How to complete this task | A letter-for-letter copy of the listing is required, with no pictures in it.

The data |
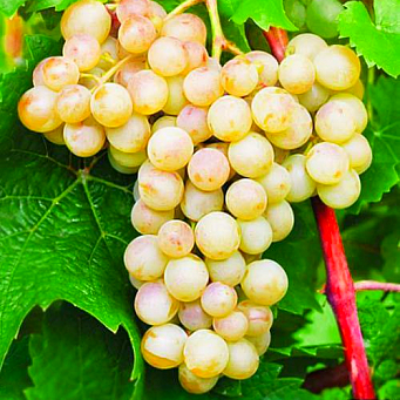 Комплект из пяти саженцев винограда: Белый виноград Ландыш, розовый виноград Алладин, тёмный виноград Блек Гранд, тёмный виноград Блек Фингер, винный виноград Пино Нуар. Фото №1061
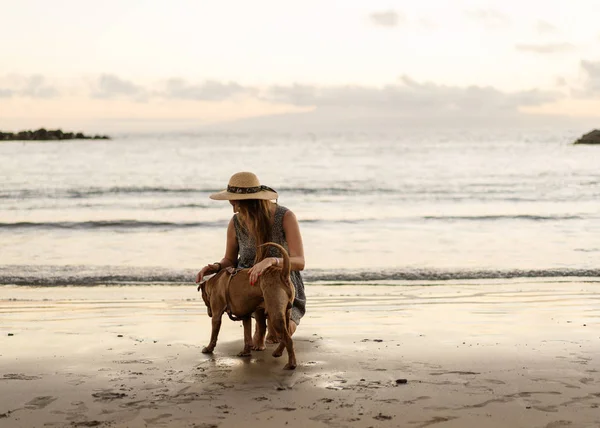 Fille marche sur la plage au coucher du soleil avec un chien — Photo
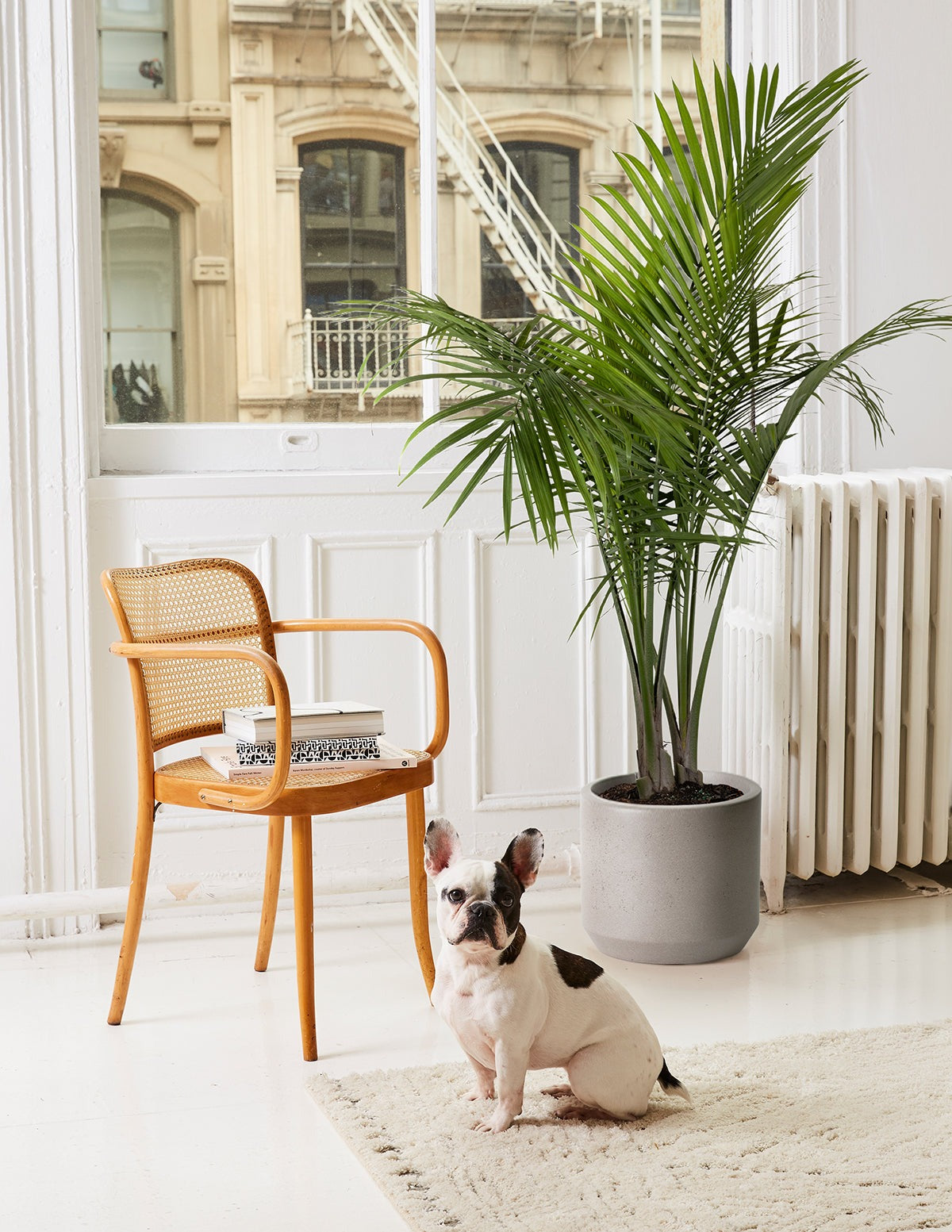 Large Majesty Palm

Exercise response |
 Комплект из пяти саженцев винограда: Белый виноград Ландыш, розовый виноград Алладин, тёмный виноград Блек Гранд, тёмный виноград Блек Фингер, винный виноград Пино Нуар. Фото №1061
 Fille marche sur la plage au coucher du soleil avec un chien — Photo
 Large Majesty Palm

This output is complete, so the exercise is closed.